Quantification of retinal thickness, cell counts and immunoreactivity

Retina sections were imaged using a Nikon C2+ confocal imaging system (Nikon, New York, NY). Cell counts, retinal thickness and fluorescence intensity (for Rhodopsin immunoreactivity) were collected in a 500µm retinal length by a masked observer on a maximum projection image of the retina (n=5 retinas per age group) approximately 800–1000µm from the optic nerve head. Cell numbers and retinal thicknesses were adapted from a quantification paradigm described in Chrysostomou et al. (2013).⁴ Using the “Cell Counter” plug-in in Fiji image analysis software,³⁹ cone photoreceptors, bipolar cells, rod bipolar cells and retinal ganglion cells were counted and expressed as number of cells per mm retinal length.⁴ Retinal thickness for ONL, OPL, INL, IPL and overall retina was measured on DAPI-stained cryosections (n=5 per age group) using ImageJ / Fiji image analysis software³⁹. Levels of rhodopsin immunoreactivity were also measured with ImageJ / Fiji image analysis software³⁹, and the average of 10 regions of interest (ROIs) with a surface area of 200µm² placed along the outer segment of the retina (n=5 retinas per age group) was calculated for statistical analysis.

Statistical Methods

All fERG data (expressed as mean ± SEM) were plotted and statistically analyzed in GraphPad Prism 5. For each parameter, Student’s t-tests were performed for comparisons between four-month-old and 11-month old DBA/2 mice on fERG data collected using the ISCEV standardized ERG protocol. For scotopic and photopic intensity series data, a two-way ANOVA with Bonferroni correction for post hoc analysis was performed between four-month old and 11-month old DBA/2. For statistical analysis of V_max, σ and n, amplitudes of individual eyes from the scotopic and photopic intensity series were plotted and analyzed using the stimulus-response function, where data that did not fit this function were returned by the statistical function as ambiguous or interrupted results and were not used in the final analysis.

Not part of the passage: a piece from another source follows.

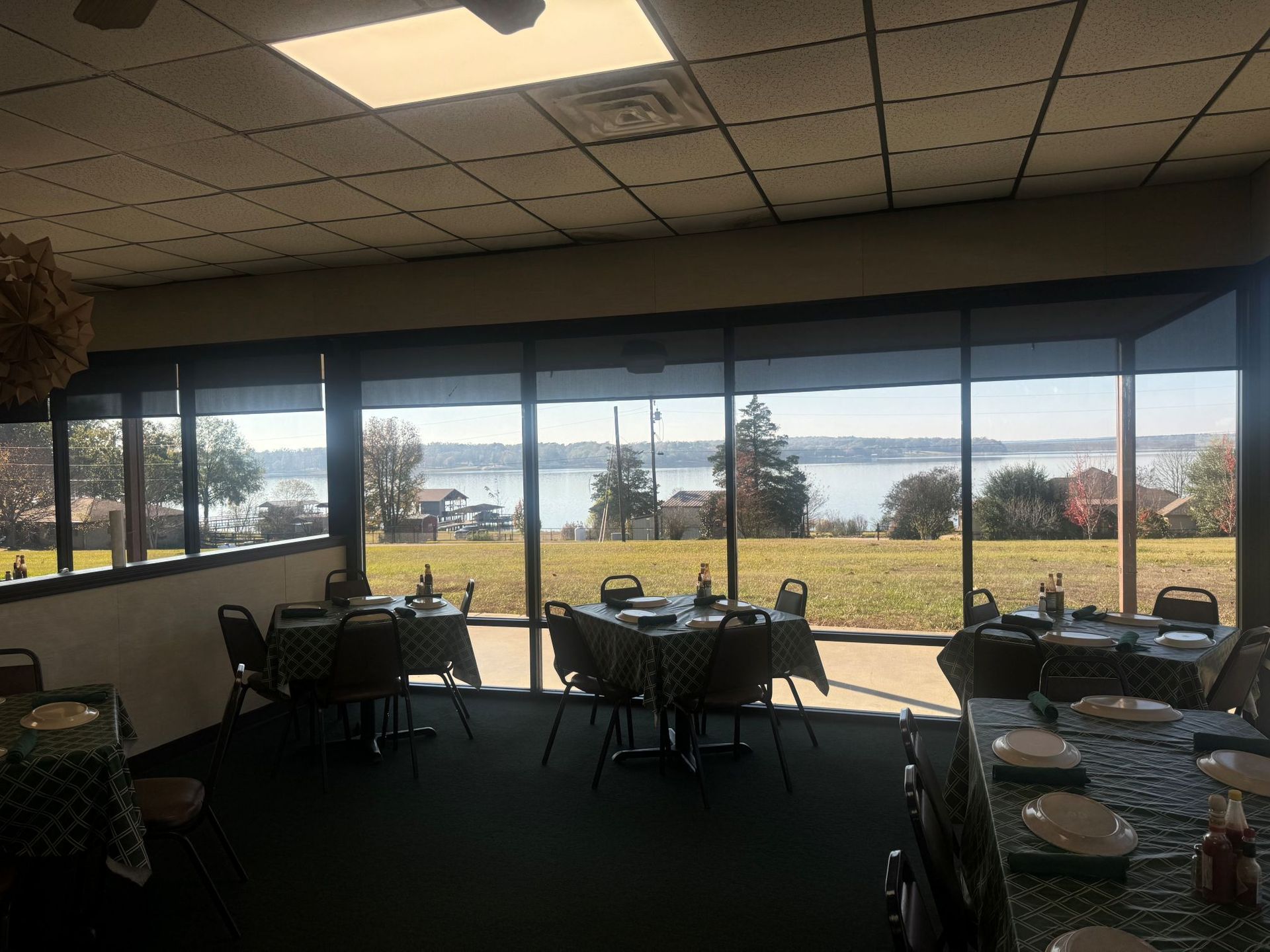 Restaurant interior with tables set for dining, large windows overlooking a lake and green lawn.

For correlation analyses, the Pearson product-moment correlation coefficient (r) was determined ^{40, 41}, and correlational strength defined as, no correlation for 0.0 ≤ r ≤ 0.2, weak correlation for 0.2 ≤ r ≤ 0.4, moderate correlation for 0.4 ≤ r ≤ 0.6, and strong correlation for 0.6 ≤ r ≤ 1.0 as described previously ^{40, 41}. Significant correlations are labelled with both the Pearson product-moment correlation coefficient r and p-values (Figs. 7 and 8).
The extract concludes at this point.